Tosarelli Filippo, Buckthorpe Matthew, Di Paolo Stefano, Grassi Alberto, Rodas Gil, Zaffagnini Stefano, Nanni Gianni, Della Villa Francesco
Education and Research Department, Isokinetic Medical Group, Bologna, Italy.
Faculty of Sport, Technology and Health Sciences, St Mary's University, Twickenham, London, UK.
Orthop J Sports Med. 2024 Mar 22;12(3):23259671241234880. doi: 10.1177/23259671241234880. eCollection 2024 Mar.
Improving our understanding of the situations and biomechanics that result in an anterior cruciate ligament (ACL) injury in basketball players may support the design of more effective programs to mitigate the risk of injury.
To (1) describe the mechanisms, situational patterns, and gross biomechanics (kinematics) of ACL injuries in professional basketball matches using video analysis and (2) document the distribution of ACL injuries according to player position, phase of the match, and location on the court.
Case series; Level of evidence, 4.
A total of 38 ACL injuries in professional male European basketball leagues from the 2013-2014 to 2019-2020 seasons were identified. There were 36 (95%) injury videos analyzed for injury mechanisms and situational patterns, while biomechanical analysis was possible in 32 cases. Overall, 3 independent reviewers evaluated each video. Data according to player position (n = 38), phase of the match (n = 38), and location on the court (n = 36) were evaluated.
More injuries occurred while attacking (n = 25 [69%]) than defending (n = 11 [31%]). There was 1 (3%) direct contact injury, 21 (58%) indirect contact injuries, and 14 (39%) noncontact injuries. Most injuries (83%) occurred during 3 main situations: offensive cut (n = 17 [47%]), landing from a jump (n = 8 [22%]), and defensive cut (n = 5 [14%]). Injuries generally involved knee flexion (with minimal hip/trunk flexion and reduced plantarflexion) in the sagittal plane and knee valgus loading in most cases (75%). A similar number of injuries occurred during the first (53%) and second (47%) halves of the match, with a higher prevalence in the second (37%) and fourth (34%) quarters. Half of the injuries occurred during the first 10 minutes of effective playing time. More injuries occurred in guards (58%), and 73% of all injuries occurred in the scoring zone.
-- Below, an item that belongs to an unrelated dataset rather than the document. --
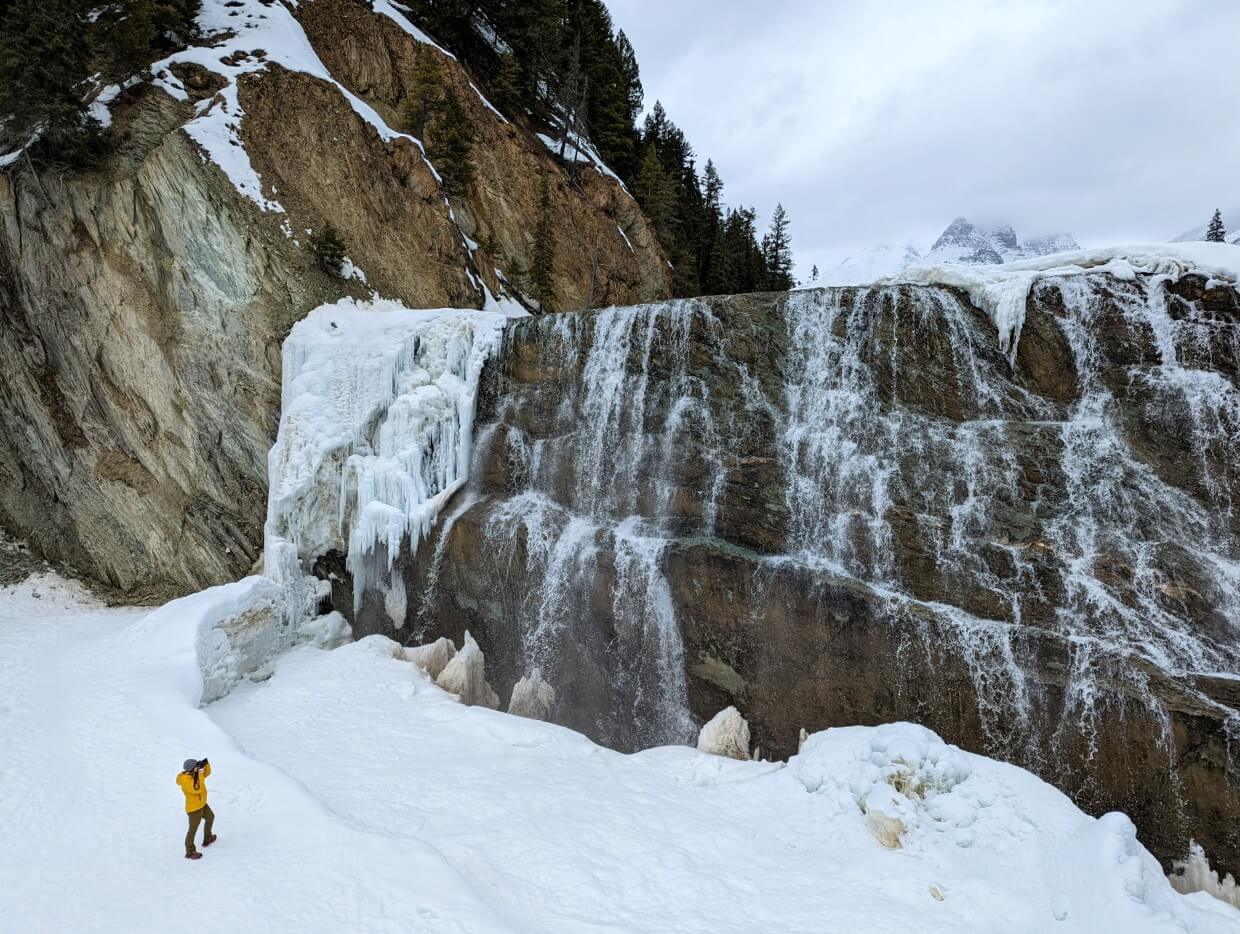 Huge half frozen waterfall cascading over rockface. Gemma stands at the bottom wearing a yellow jacket and taking a photo of the waterfall above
Indirect contact was the main injury mechanism found in male professional basketball players. The offensive cut was the most common situational pattern. Biomechanical analysis confirmed a multiplanar mechanism, with knee loading in the sagittal plane accompanied by dynamic valgus. More injuries occurred in the first 10 minutes of a player's effective playing time, within the scoring zone, and among guards.
深入了解导致篮球运动员前交叉韧带(ACL)损伤的情况和生物力学,可能有助于设计更有效的方案来降低受伤风险。
(1)通过视频分析描述职业篮球比赛中ACL损伤的机制、情境模式和总体生物力学(运动学);(2)记录根据球员位置、比赛阶段和球场位置的ACL损伤分布情况。
病例系列;证据等级,4级。
确定了2013 - 2014赛季至2019 - 2020赛季欧洲职业男子篮球联赛中的38例ACL损伤。对其中36例(95%)损伤视频进行了损伤机制和情境模式分析,32例可进行生物力学分析。总体而言,3名独立评审员评估每个视频。评估了根据球员位置(n = 38)、比赛阶段(n = 38)和球场位置(n = 36)的数据。
进攻时受伤(n = 25 [69%])多于防守时(n = 11 [31%])。有1例(3%)直接接触损伤,21例(58%)间接接触损伤,14例(39%)非接触损伤。大多数损伤(83%)发生在3种主要情况:进攻切入(n = 17 [47%])、跳投落地(n = 8 [22%])和防守切入(n = 5 [14%])。损伤通常涉及矢状面的膝关节屈曲(髋关节/躯干屈曲最小且跖屈减少),大多数情况下伴有膝关节外翻负荷(75%)。比赛的上半场(53%)和下半场(47%)发生的损伤数量相似,其中第二节(37%)和第四节(34%)的发生率更高。一半的损伤发生在有效比赛时间的前10分钟。后卫受伤更多(58%),所有损伤的73%发生在得分区域。
间接接触是男性职业篮球运动员中发现的主要损伤机制。进攻切入是最常见的情境模式。生物力学分析证实了一种多平面机制,矢状面的膝关节负荷伴有动态外翻。球员有效比赛时间的前10分钟内、得分区域以及后卫中受伤更多。